An exact copy is needed of the lines in the entries below from the line with "5 Pcs Foldable" up to and including the line with "Mid Century Modern", and of nothing else. Leave the pictures out.

Extracted data:
——
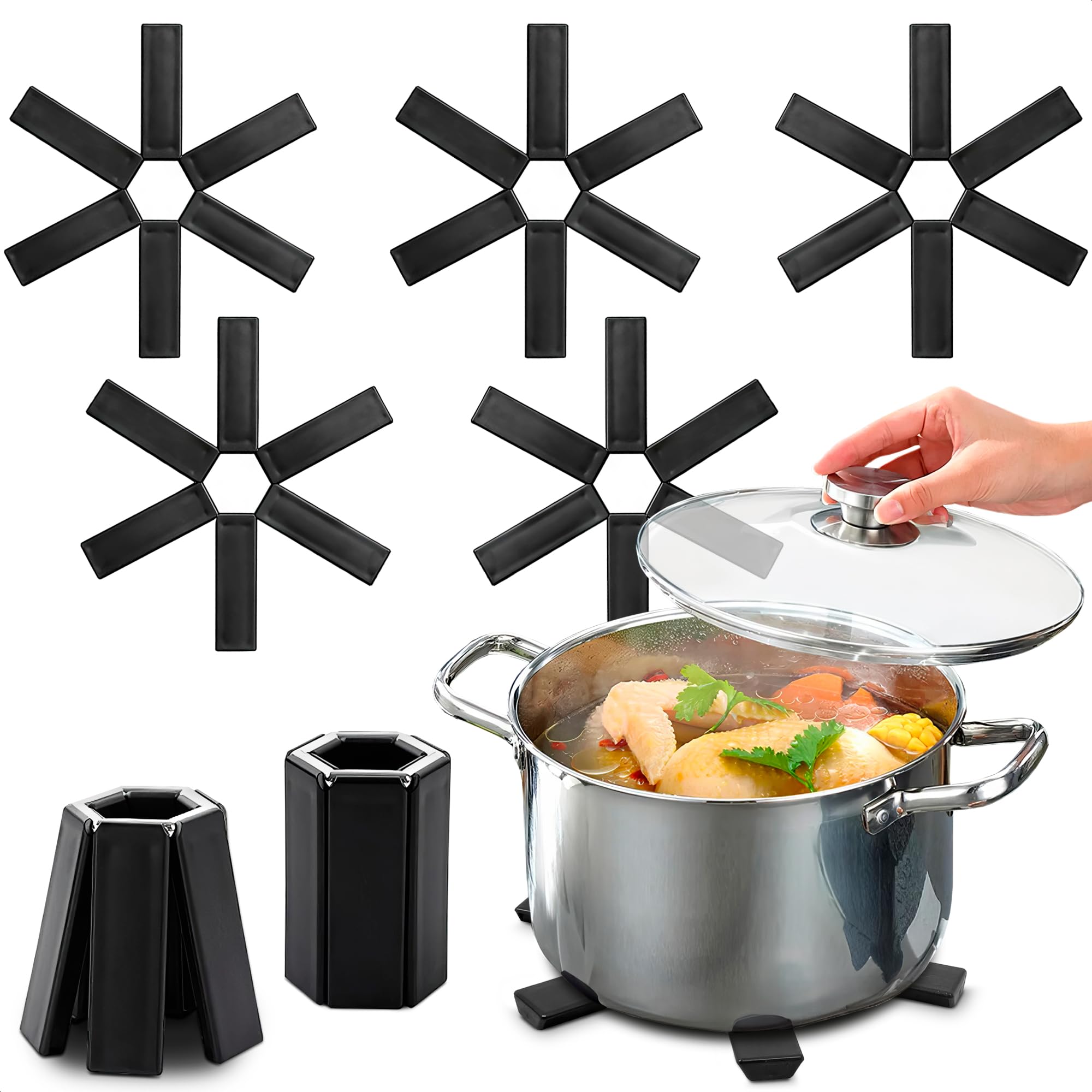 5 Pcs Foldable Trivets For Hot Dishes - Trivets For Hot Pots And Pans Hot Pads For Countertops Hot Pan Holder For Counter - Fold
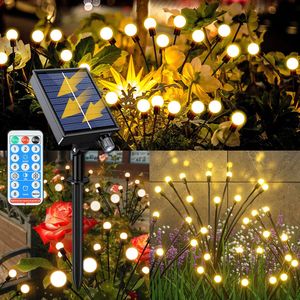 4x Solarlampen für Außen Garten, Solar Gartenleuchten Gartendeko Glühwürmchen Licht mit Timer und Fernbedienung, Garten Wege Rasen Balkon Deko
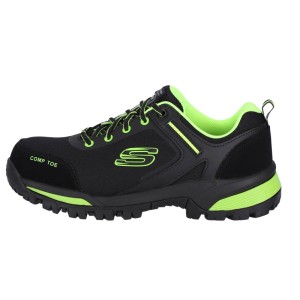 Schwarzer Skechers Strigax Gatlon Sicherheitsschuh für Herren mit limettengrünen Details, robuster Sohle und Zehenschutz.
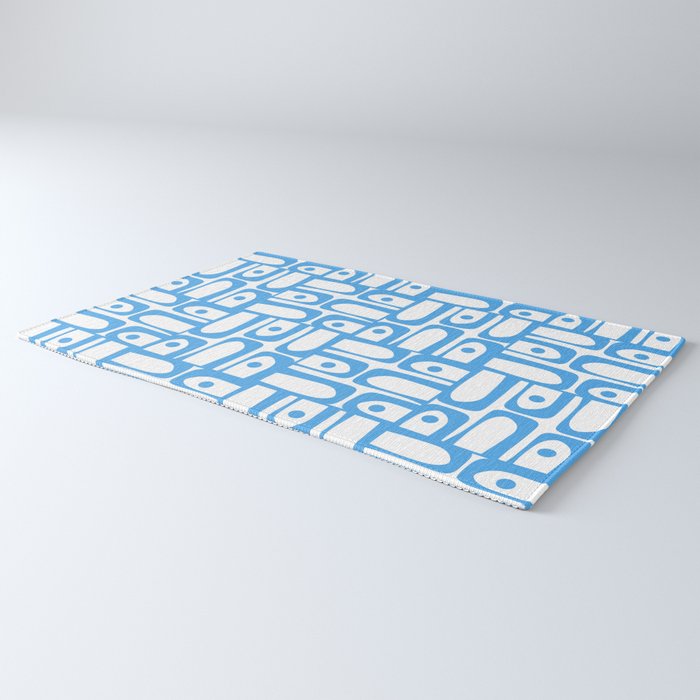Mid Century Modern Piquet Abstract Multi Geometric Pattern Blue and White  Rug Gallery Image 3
——
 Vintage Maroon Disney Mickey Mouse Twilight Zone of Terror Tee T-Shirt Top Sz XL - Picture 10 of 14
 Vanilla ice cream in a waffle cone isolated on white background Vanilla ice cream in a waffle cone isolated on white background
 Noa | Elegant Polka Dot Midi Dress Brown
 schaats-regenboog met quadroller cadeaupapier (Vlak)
——
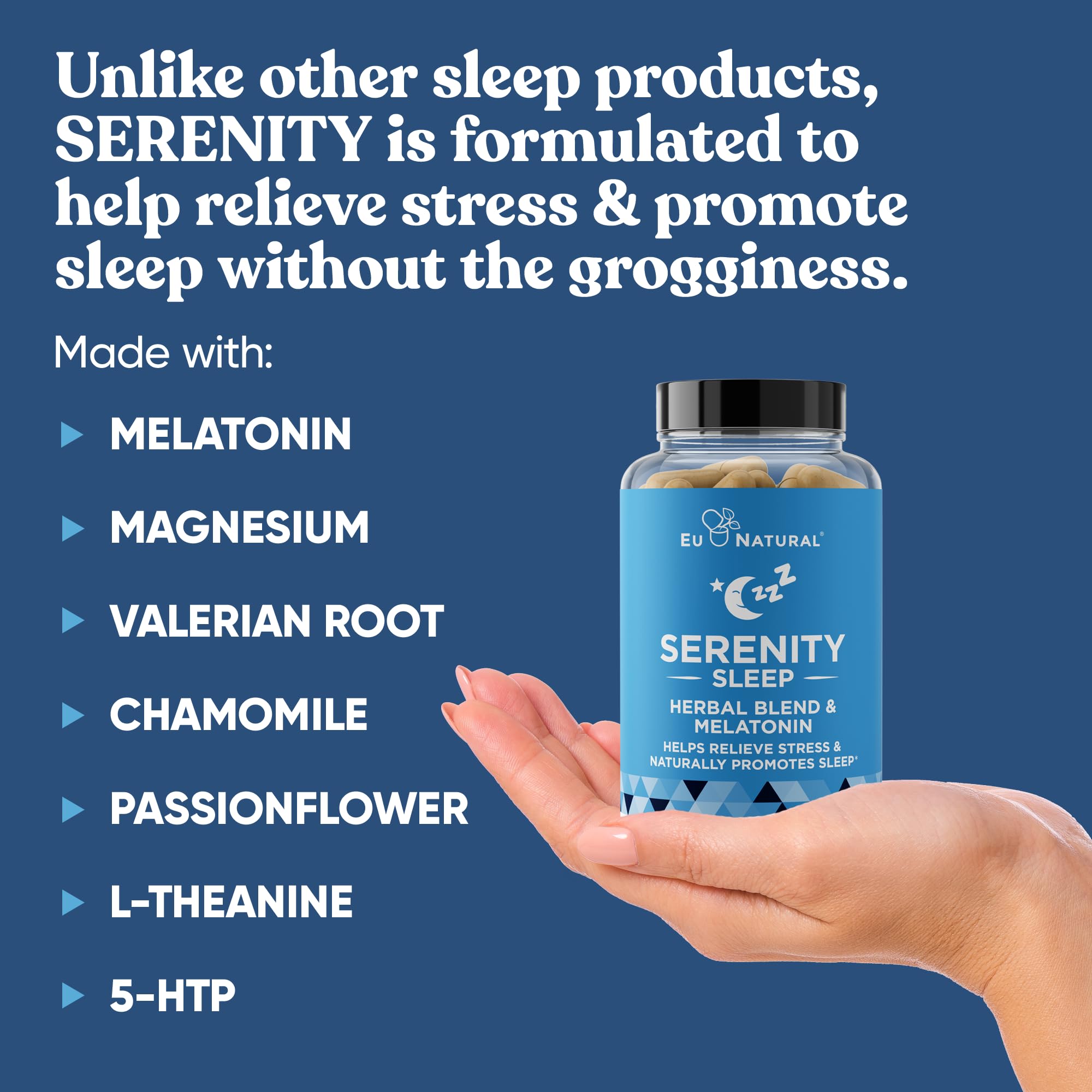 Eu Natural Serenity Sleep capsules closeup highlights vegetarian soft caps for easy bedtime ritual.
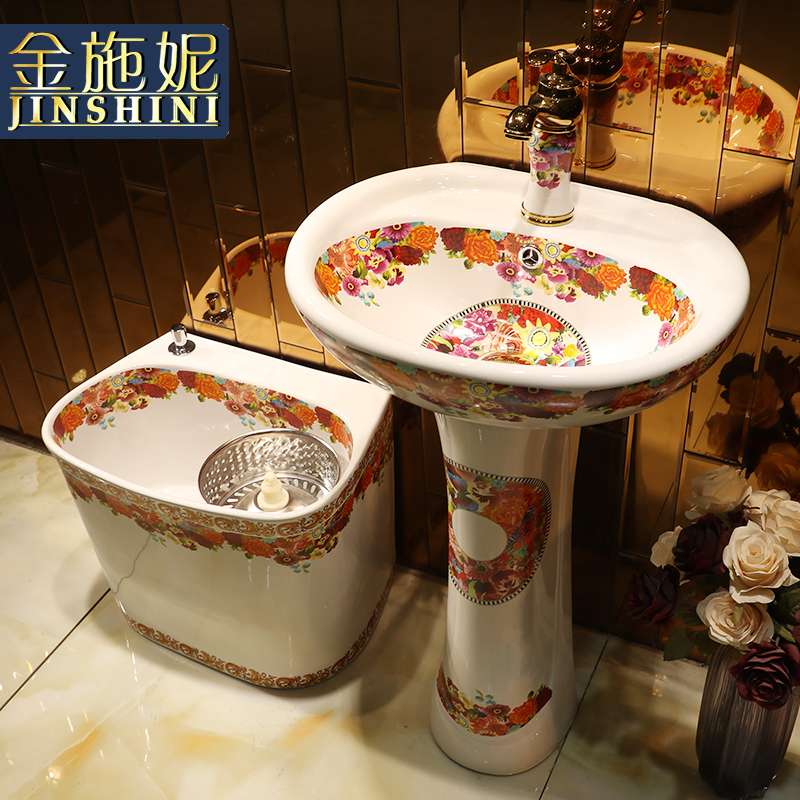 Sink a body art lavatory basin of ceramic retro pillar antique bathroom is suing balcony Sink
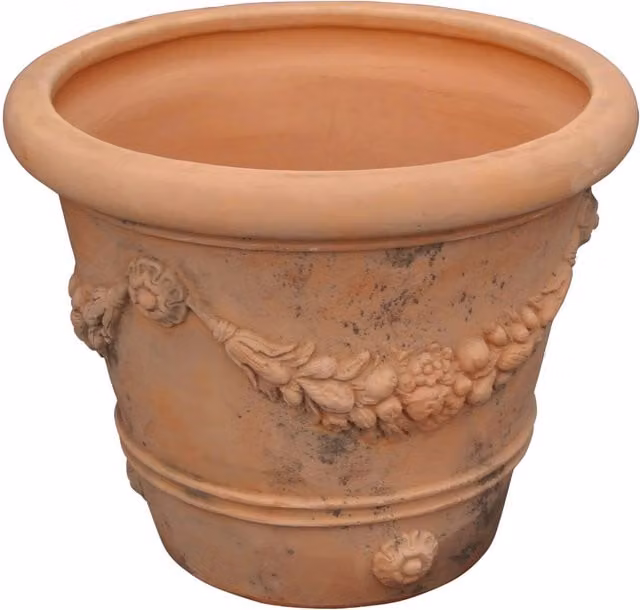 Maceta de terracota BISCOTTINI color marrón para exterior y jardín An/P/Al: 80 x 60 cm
——
Your response:
 5 Pcs Foldable Trivets For Hot Dishes - Trivets For Hot Pots And Pans Hot Pads For Countertops Hot Pan Holder For Counter - Fold
 4x Solarlampen für Außen Garten, Solar Gartenleuchten Gartendeko Glühwürmchen Licht mit Timer und Fernbedienung, Garten Wege Rasen Balkon Deko
 Schwarzer Skechers Strigax Gatlon Sicherheitsschuh für Herren mit limettengrünen Details, robuster Sohle und Zehenschutz.
Mid Century Modern Piquet Abstract Multi Geometric Pattern Blue and White  Rug Gallery Image 3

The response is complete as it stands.